Monarquía y Nobleza

Carlos II de Navarra el Malo

"Era el rey pequeño de cuerpo, pero de mucho ingenio y atrevimiento, de mirada viva y de elocuencia tan persuasiva que en los demás metía su voluntad; avezado en el arte de hacerse querer y, por ello, muy querido del pueblo",

dice el monje de Saint-Denis (Grandes Chroniques de France ).

"Poseía todas las buenas cualidades que un mal carácter hace perniciosas: la energía, la elocuencia, la osadía, el ingenio, la liberalidad",

agrega Mercier (Portraits des rois de France ). Simeon Luce (B. Du Guesclin et son époque, París, 1888, p. 240), como buen decimonónico, carga las tintas:

"hombrecillo de ademanes felinos, de ojos brillantes, de mirada ubicua, de facundia inagotable (que) participaba de la naturaleza de la serpiente y del tigre".

Los historiadores franceses le llamaron "El Malo", contraponiéndolo, muy a la francesa, a su propio soberano al que llamaron "El Bueno", aunque no falta quien piense (Duverge) que el remoquete sea relativamente moderno debiéndose a la pluma resentida de Avalos de la Piscina. De todas formas, razón tiene Moret cuando comenta que en dicho apodo "tuvieron tanta parte los odios ajenos como los defectos propios". Se ha querido ver en Carlos II el equivalente masculino de la célebre Locustra; pero, la historiografía gala olvida que entre los siglos XI al XV se produce una auténtica proliferación de obras dedicadas a los tóxicos (ej. Maimónides), lo que demuestra que el envenenamiento era una práctica frecuente, sobre todo en quien podía pagarse un buen envenenador. Pocos serán los dramas de Shakespeare -que reconstruye épocas anteriores a la del poeta- en los que no surja este insidioso instrumento de muerte.
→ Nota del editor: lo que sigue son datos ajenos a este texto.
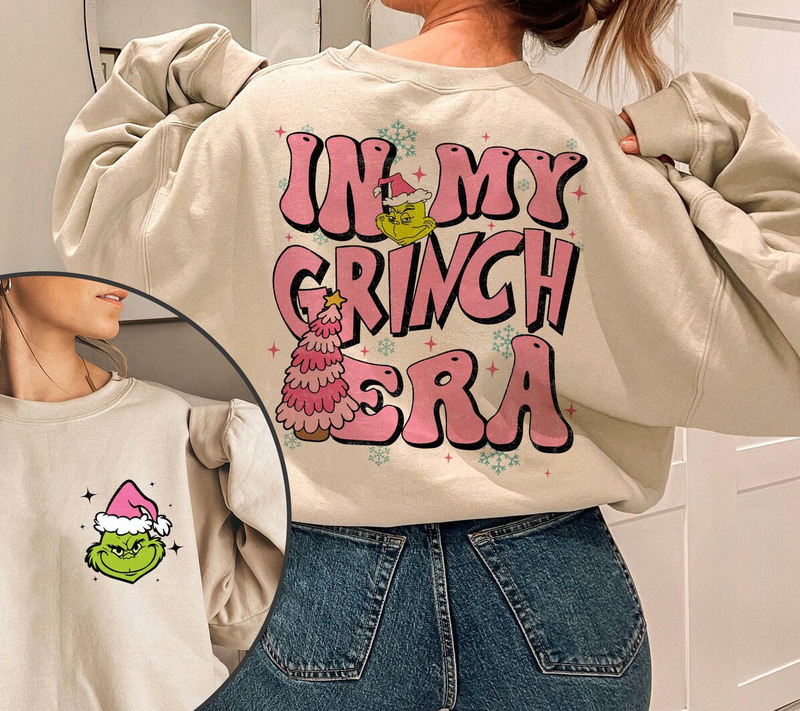 Retro In My Grinch Era Shirt, Grinch Pink Christmas Sweatshirt Crewneck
Sin ir más lejos, ¿cómo murieron el Príncipe de Viana, Lope García de Salazar, D.ª Blanca de Navarra, Francisco Febo, etc.?

"Su fama de utilizar como arma el veneno -al parecer comprobada en algunos casos- hizo que se le atribuyeran crímenes imaginarios. Por otra parte, una larga historiografía oficial, totalmente adversa, contribuyó a dar por cierto lo que sólo era fruto de una propaganda inteligente

(Lacarra: Historia política del..., p. 151).

En resumidas cuentas que le llamaron malo los poderosos porque no se dejó "noblemente" despojar y porque no tuvo un erario lo suficientemente rico como para alimentar a unos cuantos mercenarios de la pluma, ávidos de protección oficial. Pero ¿qué pensaban de él los nobles alto y bajonavarros, guipuzcoanos, alaveses y gascones que le sirvieron con fidelidad a toda prueba? ¿Qué el clero que le proporcionó motu propio ayuda material en 1357 y el pueblo que lo hizo en 1359? ¿Qué los beneficiados por su testamento de 1361, y los conventos e iglesias agraciadas por sus magníficos regalos, y los labradores a los que perdonó las pechas compadecido de su pobreza (1368 todos los del reino, 1386 los del valle de Allín, 1362 todos, 1376 los musulmanes de Tudela...)? Sin caer en la crítica beata cabría decir con Castro:

"no es justo personalizar en el navarro todos los vicios, violencias, deslealtades y perjurios que caracterizaron la época en que le tocó vivir"

(Carlos II "El Noble", rey de Navarra. Pamplona, 1967, p. 15).